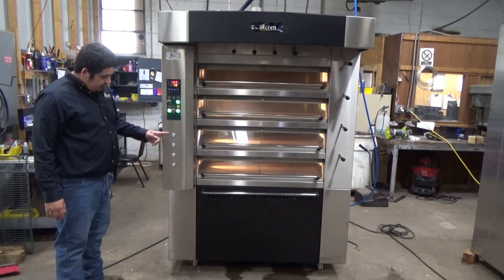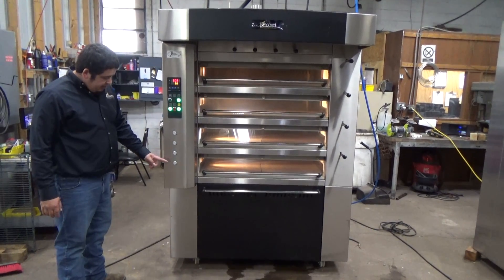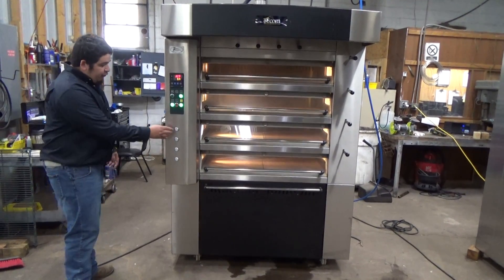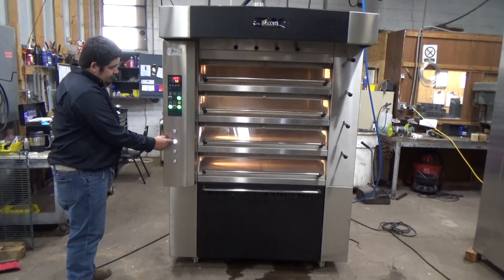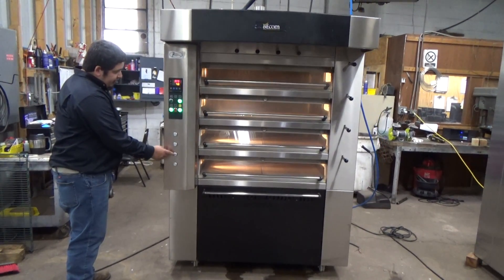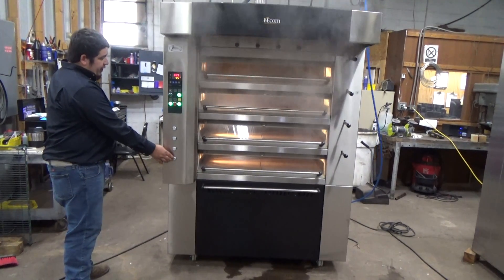This is the steam for the four decks. This is deck one, deck two, deck three, and deck four. We're going to go ahead and steam the first deck. Second deck. Third deck. And the fourth deck.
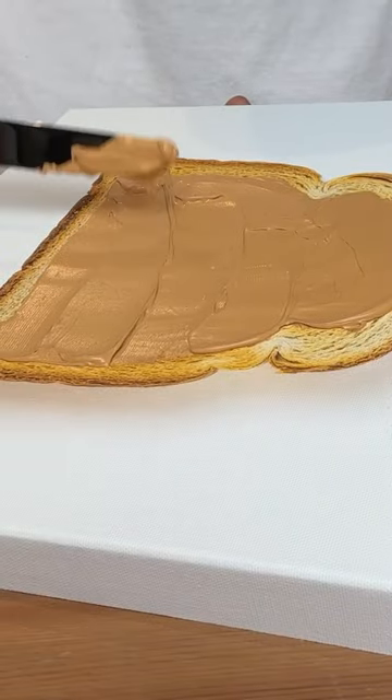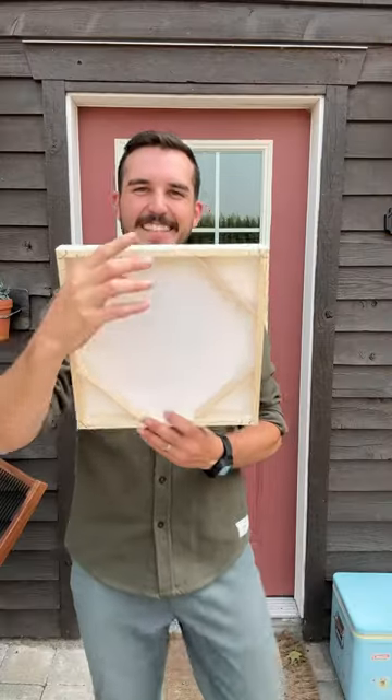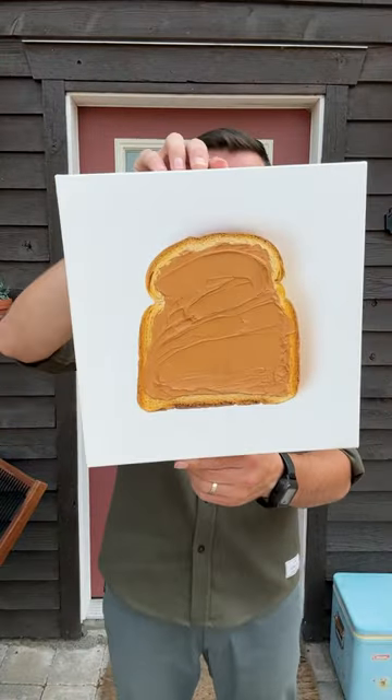It was legit the most satisfying thing ever. Like, I could have done this all day long. And then, once it dried, here's how it looked.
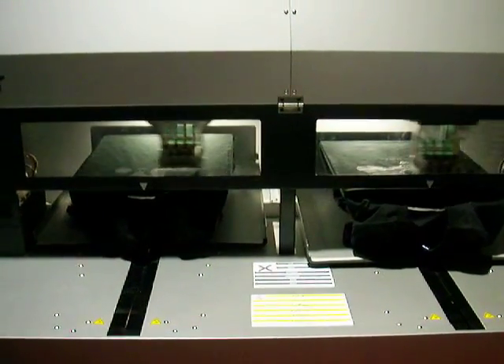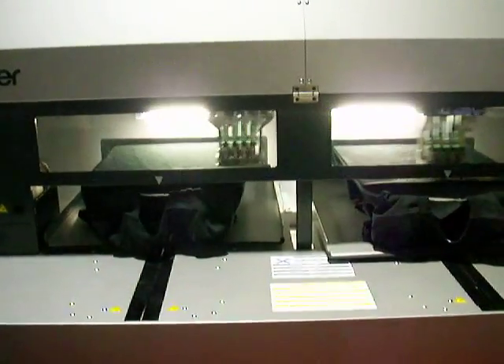Self-installed — just take a little drill. Home Depot or Walmart.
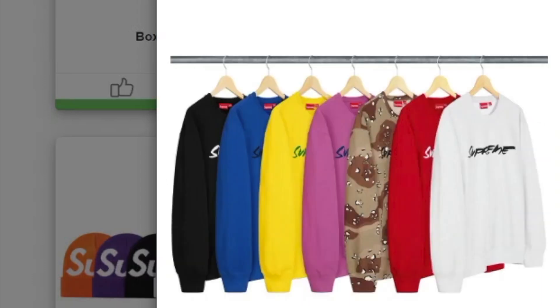This one's the Fattura Local Crew Neck — it's a heavy weight cotton cross-grain fleece, and you have seven colors to choose from.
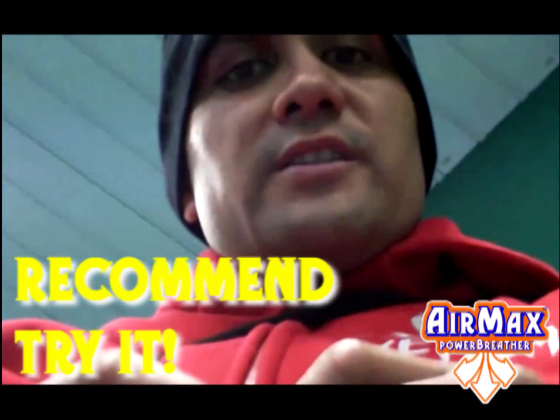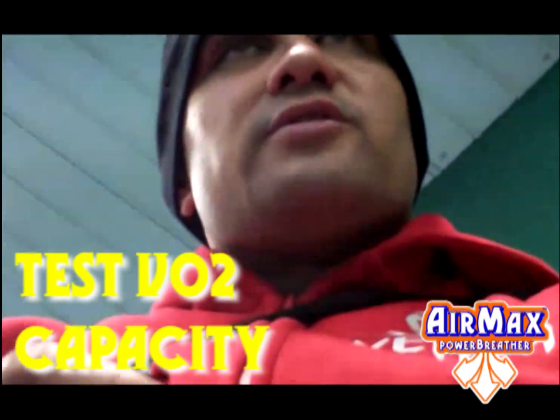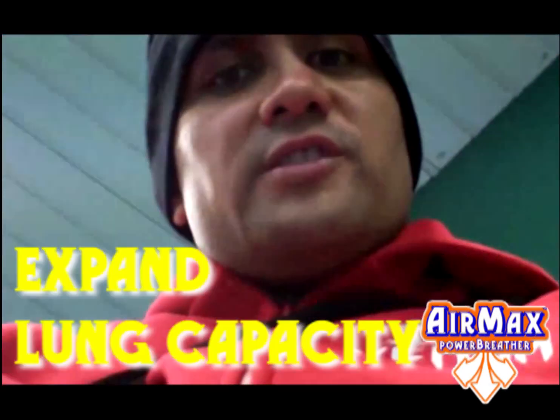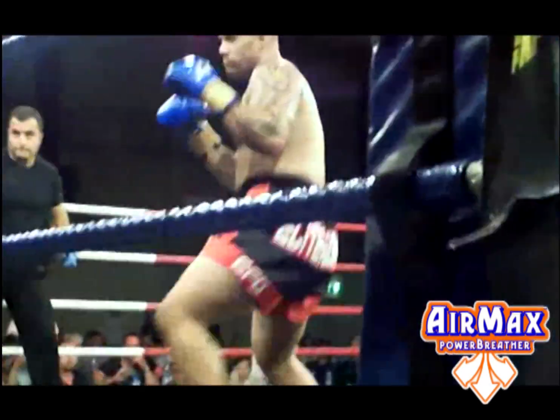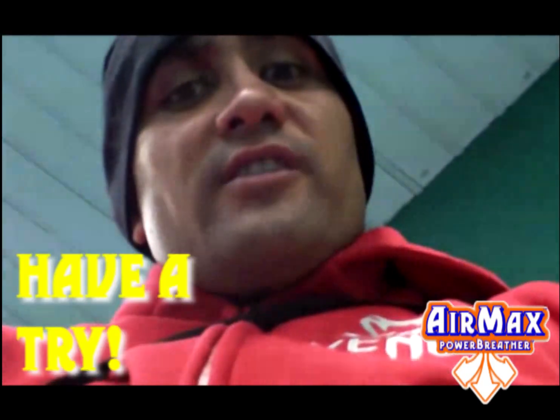I recommend everyone try it. Test the VO2 capacity, expand the VO2 lung capacity. I highly recommend it. I hope you guys have a try.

> YOUR GOAL: Extract, verbatim and alone, the lines from the line that contains "This one's the" to the last line of the records, inclusive; drop any picture.

> OUTPUT:
This one's the Fattura Local Crew Neck — it's a heavy weight cotton cross-grain fleece, and you have seven colors to choose from.
I recommend everyone try it. Test the VO2 capacity, expand the VO2 lung capacity. I highly recommend it. I hope you guys have a try.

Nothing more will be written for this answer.